(Requirement): An exact copy of all the data below is needed, without its pictures.

(Exercise data):
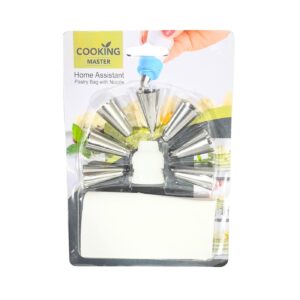 Pastry Decorating Set w/ 7 Metal Tips & Piping Bag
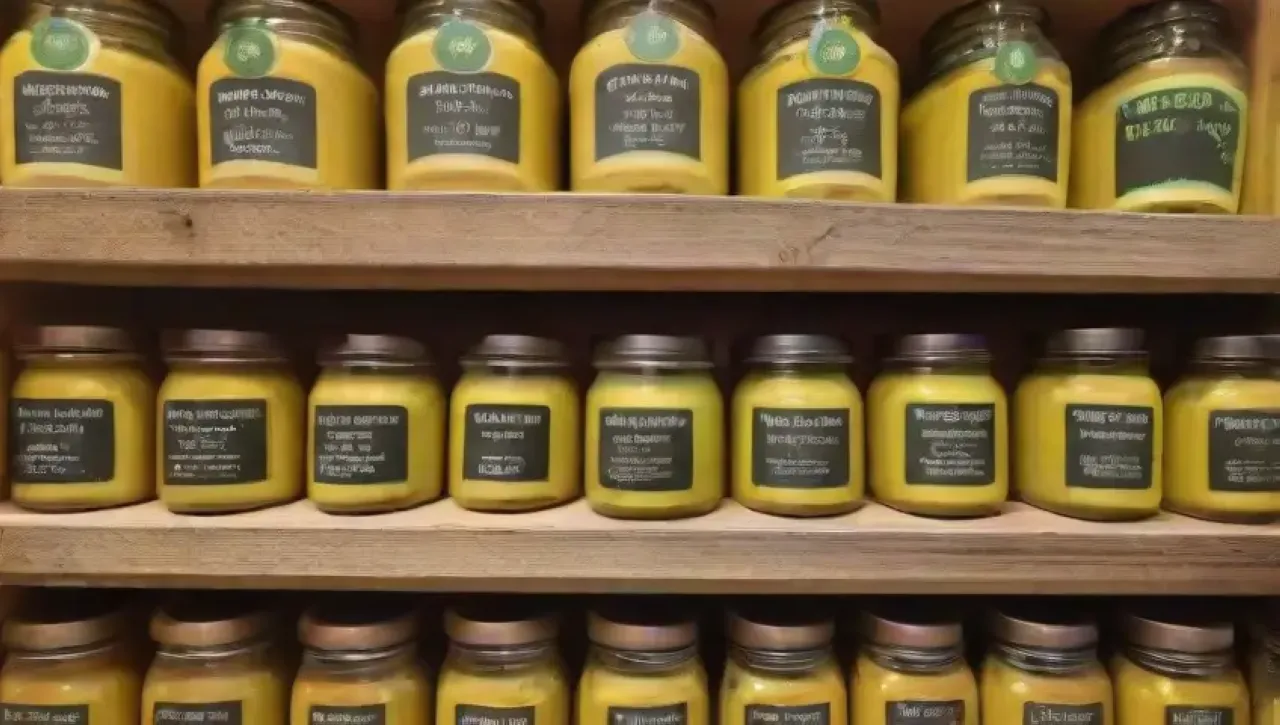 Un mercado vibrante de aceites y productos frescos en un ambiente acogedor
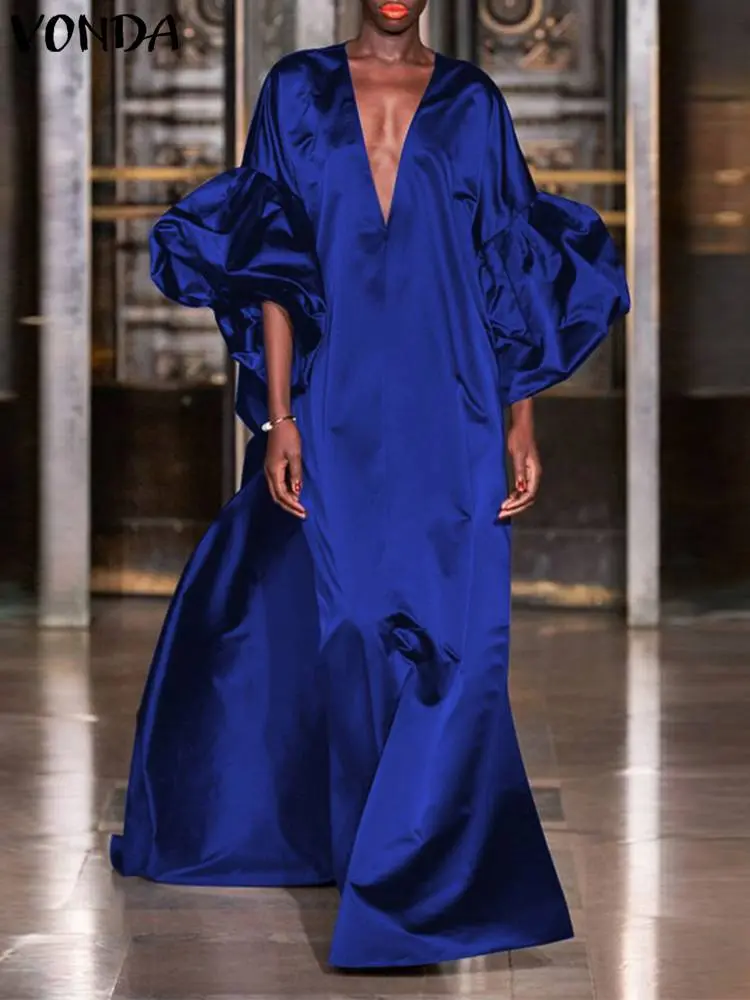VONDA Elegant Women Satin Maxi Dress 2024 Summer Half Lantern Sleeve Solid Evening Sundress Casual V-Neck Bohemian Party Robe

(Task output):
 Pastry Decorating Set w/ 7 Metal Tips & Piping Bag
 Un mercado vibrante de aceites y productos frescos en un ambiente acogedor
VONDA Elegant Women Satin Maxi Dress 2024 Summer Half Lantern Sleeve Solid Evening Sundress Casual V-Neck Bohemian Party Robe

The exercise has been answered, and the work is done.